Ao derrubarem Mossadegh em 1953, os Estados Unidos depuseram um líder que abraçava os valores fundamentais americanos e substituíram-no por outro que desprezava tudo aquilo que os EUA defendem. Como resultado deste golpe, o Xá pôde regressar ao seu Trono do Pavão. E governou com ainda maior repressão durante 25 anos.
A repressão produziu, no final dos anos 1970, a Revolução Islâmica. A revolução levou ao poder uma clique de líderes religiosos fanaticamente anti-ocidentais que há décadas trabalham intensamente, e por vezes violentamente, para prejudicar os interesses americanos por todo o mundo.
Este regime, provavelmente, nunca teria chegado a existir e a actual crise relativa ao programa nuclear iraniano nunca teria emergido, se os Estados Unidos tivessem permitido que a democracia ali tivesse florescido.
Os iranianos que vivem sob esta repressiva teocracia têm dolorosa consciência de que os Estados Unidos ajudaram a criá-la. Muitos acham bastante bizarro que os EUA se proponham agora “libertá-los” e levar-lhes a democracia.
Se não tivesse havido uma intervenção dos Estados Unidos em 1953, o Irão teria provavelmente seguido o caminho até à democracia plena.
Poderíamos ter tido uma democracia vibrante no Médio Oriente islâmico nos últimos 50 anos. Isso teria oferecido à região e ao resto do mundo uma História diferente.

“Ao derrubarem Mossadegh em 1953, os Estados Unidos depuseram um líder que abraçava os valores fundamentais americanos e substituíram-no por outro que desprezava tudo aquilo que os EUA defendem”, diz Stepgen Kinzer
A revolução de Khomeini não teria sido possível sem a Operação Ajax?

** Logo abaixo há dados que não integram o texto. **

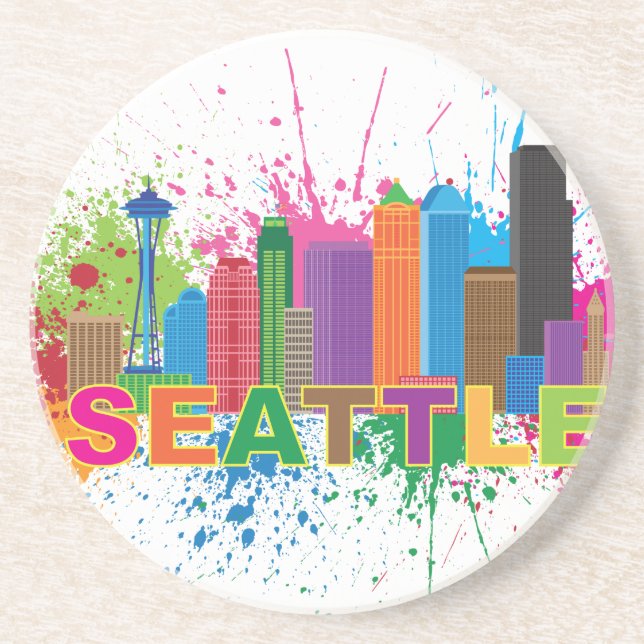 Seattle Skyline Paint Splatter Illustration Coaster (Front)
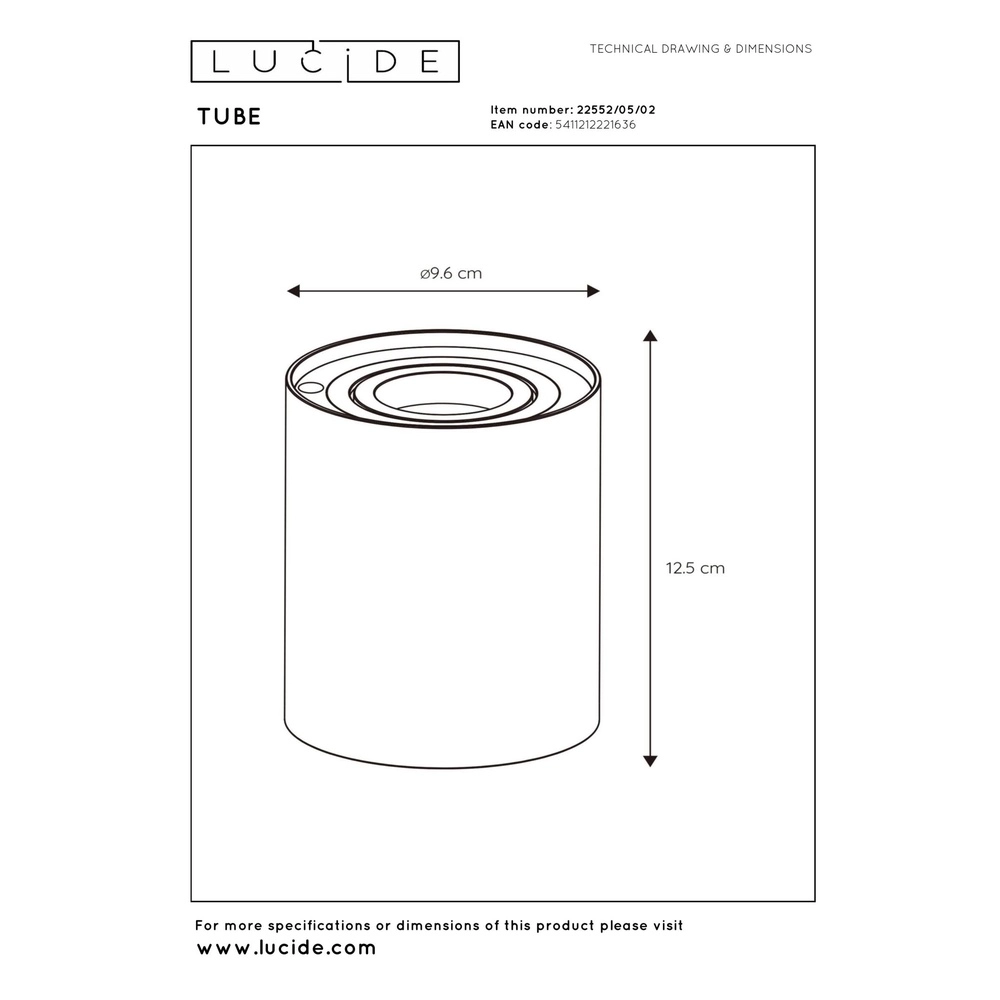 Lampe de table de conception Tube Or Lucide 5411212221636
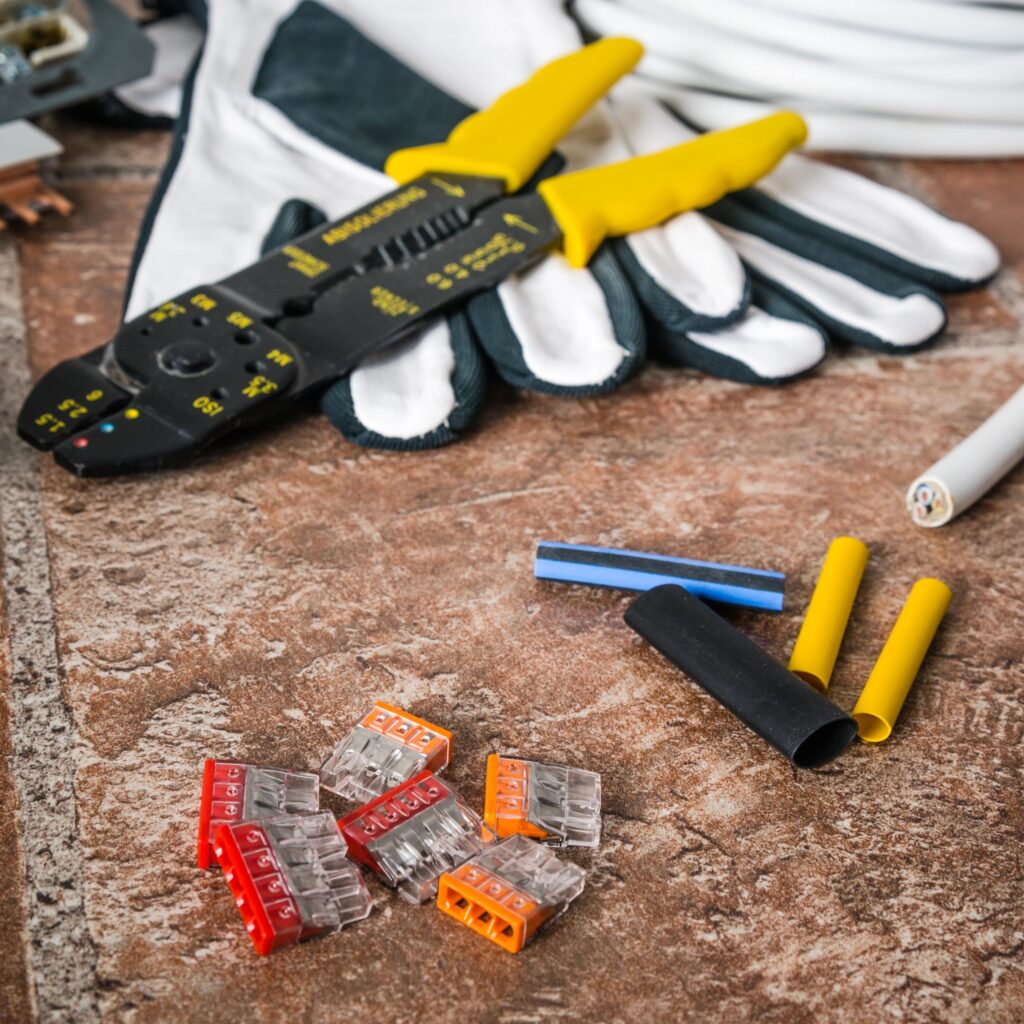 Tools for electrical installation, close-up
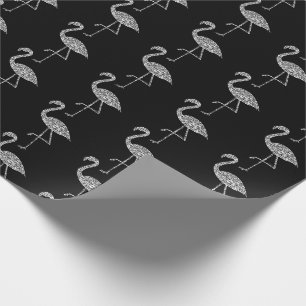 Papier Cadeau Flamant rose scintillant motif paillettes argentée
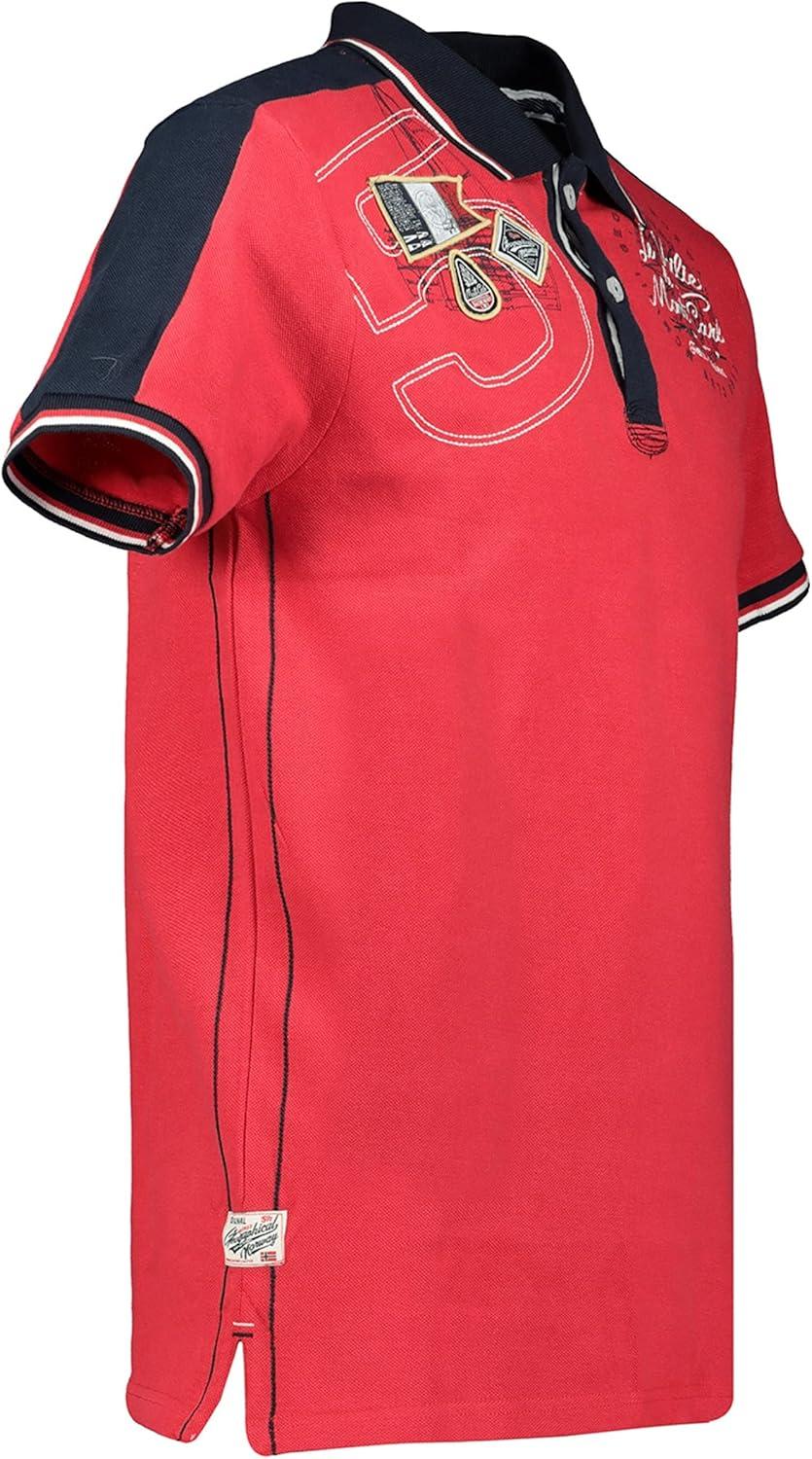 image:imageGeographical Norway Kalvin Men Polo Homme Imprim Classique Coton Manches Courtes Dcontract Col Bouton Casual Shirt Tops Regular Fit Style ClassicRouge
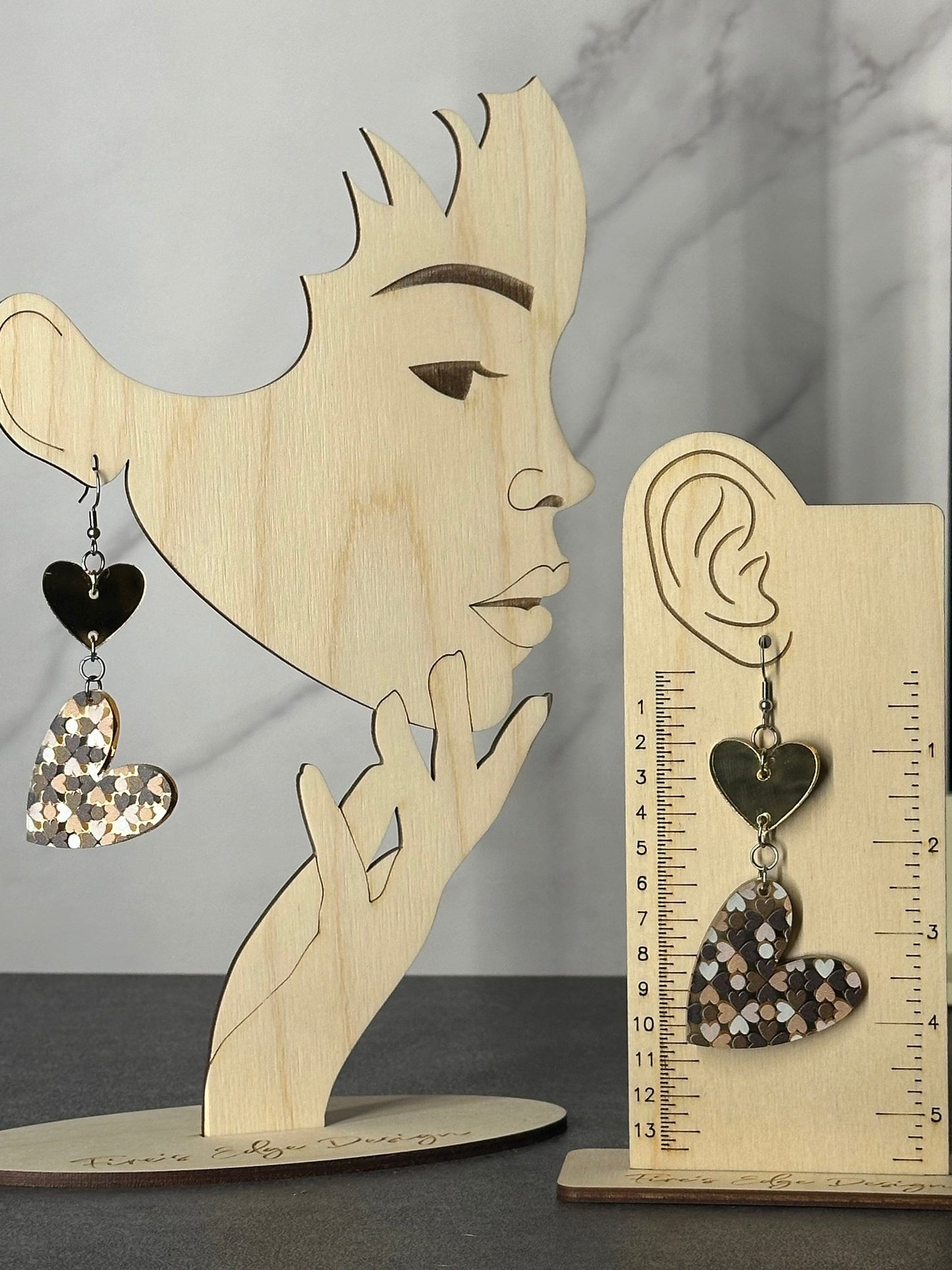 Double Heart Earrings, Gold Mirrored Acrylic, Lightweight Stainless Steel Hypoallergenic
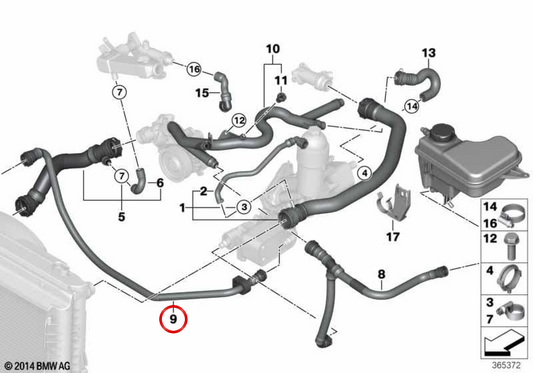 Tubo del refrigerante OEM 17127796273 per BMW E60, E61, E63, E64 (525D con motore M57). BMW originale.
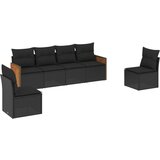  The Living Store Vrtna sedežna garnitura 6-delna z blazinami črna poli ratan - Vrtna Sedežna Garniture, (21443705) | Shoptok.si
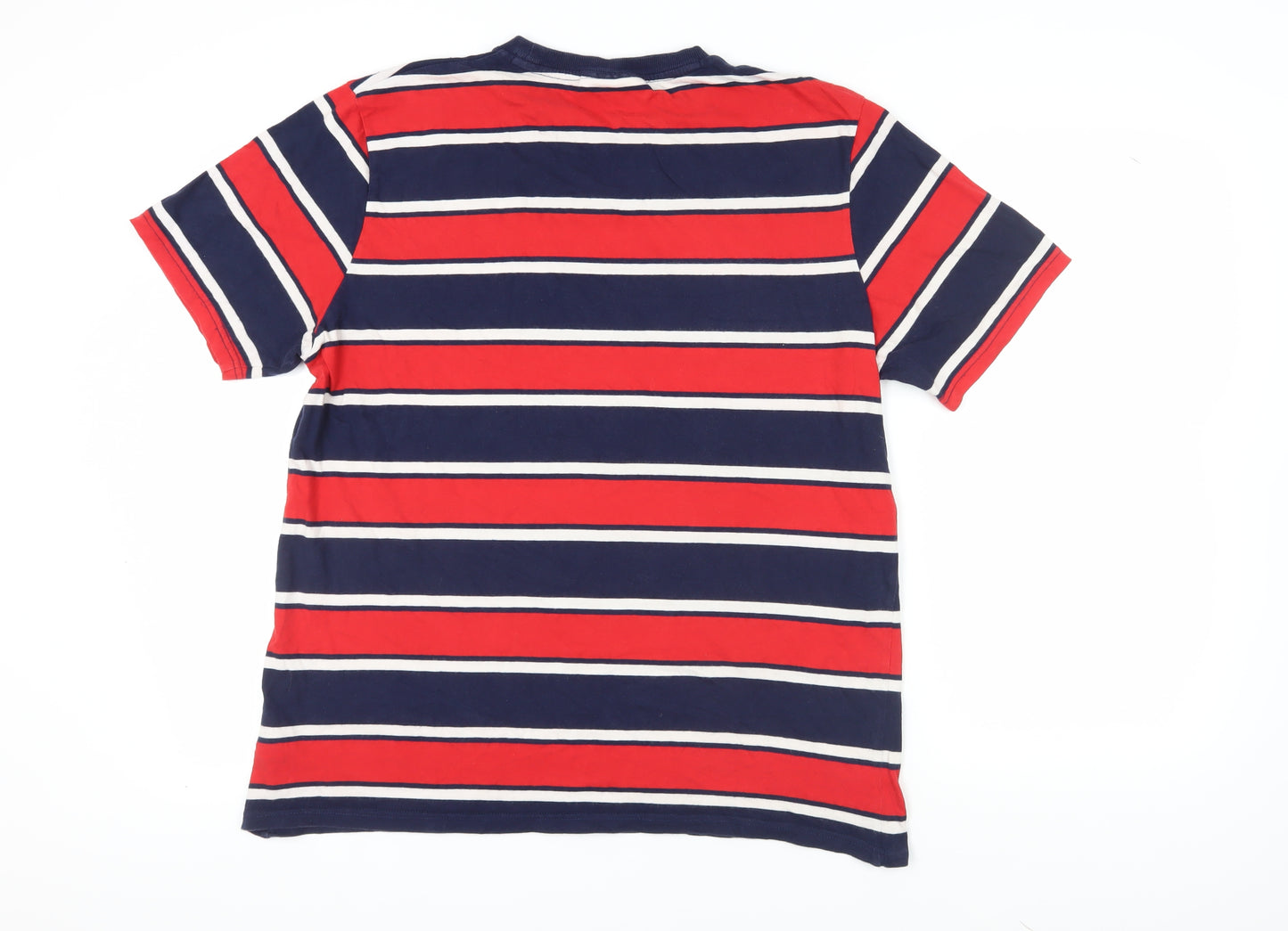Fila Men's Red Blue Striped T-Shirt XL Crew Neck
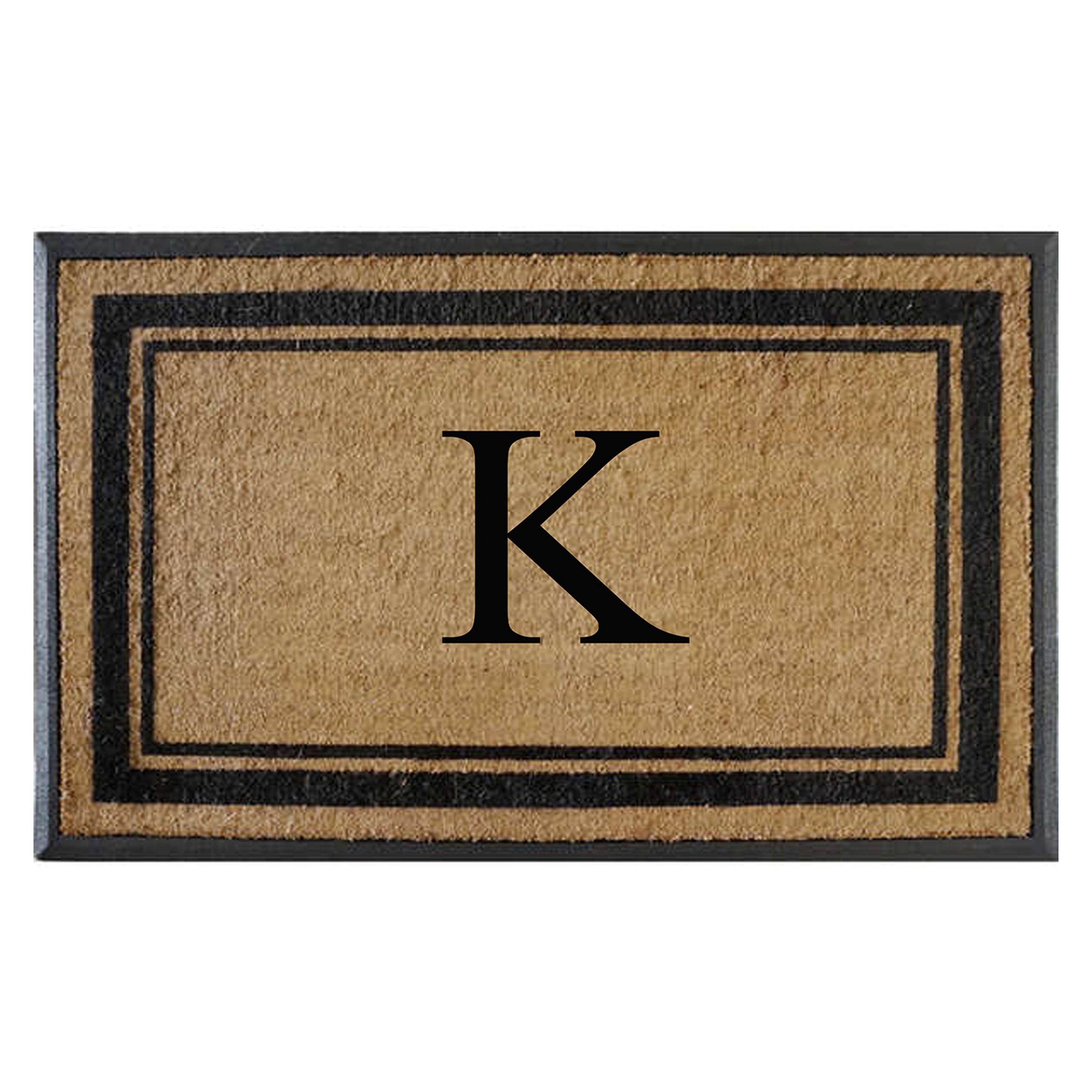 A1HC Luxury Monogrammed Natural Coir Doormat with Heavy-Duty Rubber Border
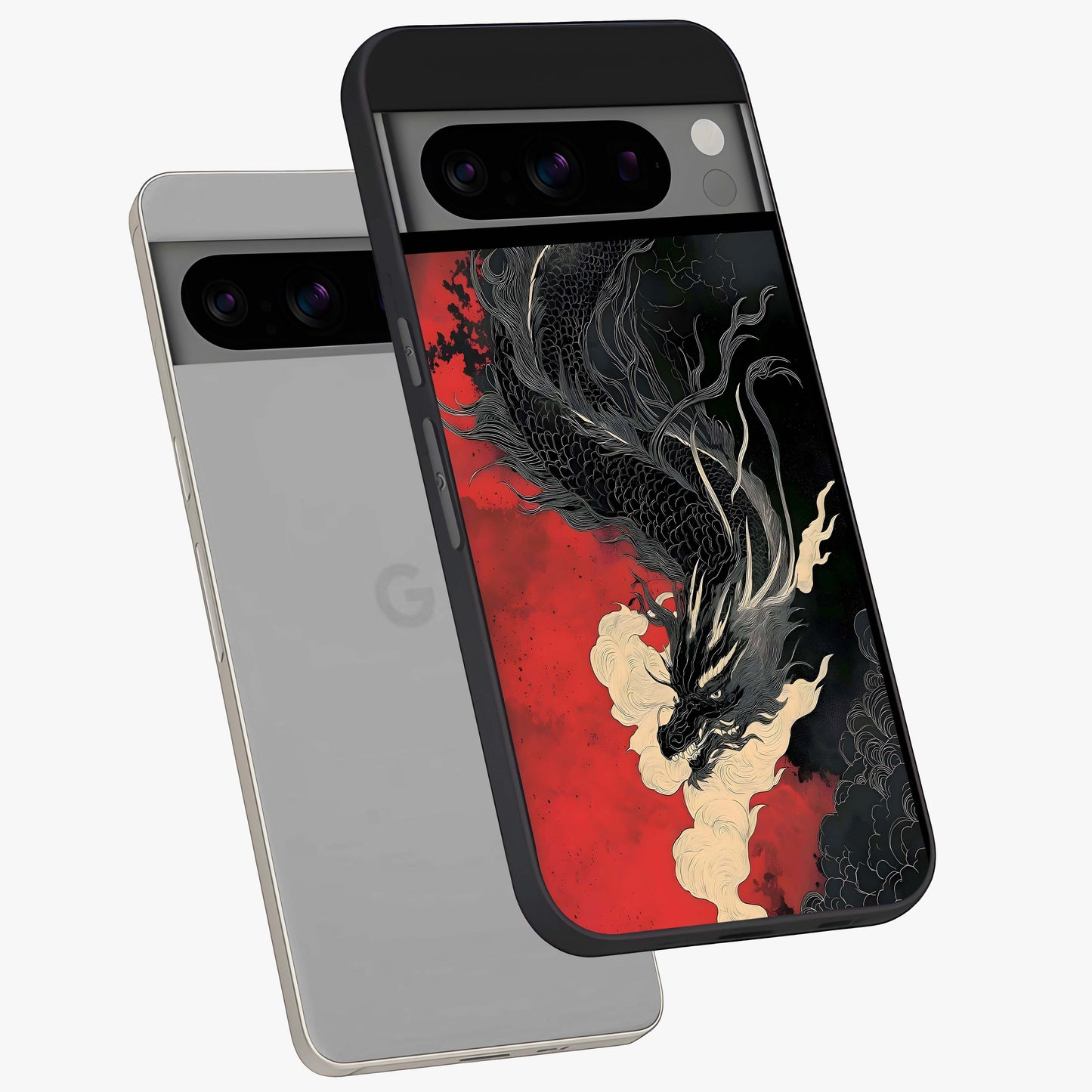 Shadow Dragon Fury Glass Case displayed in angled mockup highlighting powerful dragon illustration with dark fantasy aesthetic.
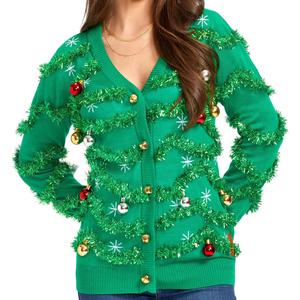 Nouveau Cardigan Classique <span class=keywords><strong>de</strong></span> Noël pour Adulte, à Bandes <span class=keywords><strong>de</strong></span> Guirlandes Festives, Style 'Ugly' Mignon, Articles Promotionnels pour Fêtes - Product Image 2
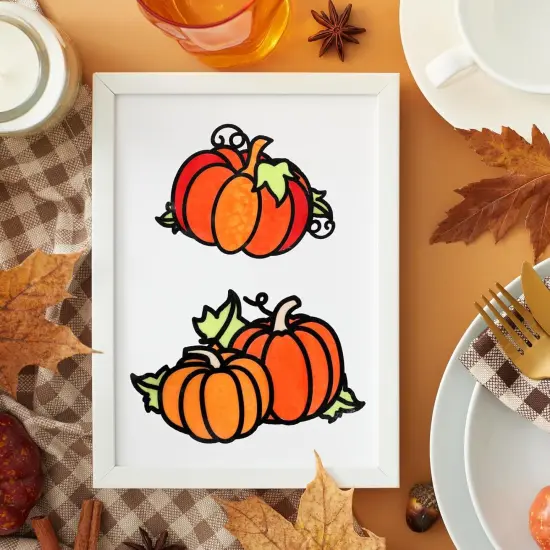 12 Pack Pumpkins Craft Kit Make You Own Pumpkin Stained Glass {5}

A Revolução Islâmica foi, acima de tudo, uma reacção ao poder do Xá. Durante o reinado do Xá era impossível aos iranianos desenvolverem uma sociedade civil. Sindicatos independentes, grupos de estudantes, jornais, universidades, editoras e partidos políticos não puderam emergir porque o Governo os proibia.
O único lugar onde a oposição tinha voz era nas mesquitas. E em resultado disso, a revolução, quando eclodiu, não foi liderada por democratas, incapazes de se organizarem, mas por figuras religiosas.
Assim, a repressão do Xá, posta em prática com o consentimento e, muitas vezes, com a ajuda de Washington, garantiu que o regime subsequente fosse religioso e não democrático.
De que modo é que a intervenção dos EUA em 1953 cimentou “as raízes do terrorismo no Médio Oriente, como sugere o título do seu livro?
O golpe de 1953 enviou uma mensagem clara a uma geração de líderes no Médio Oriente. A mensagem era: se querem estabelecer um regime que seja apoiado pelos Estados Unidos não o transformem numa democracia.
Mossadegh tentou isso no Irão e os americanos derrubaram-no. Eles preferem um regime autoritário que lhes dê acesso ao petróleo, e não criticarão a repressão doméstica desde que o petróleo corra.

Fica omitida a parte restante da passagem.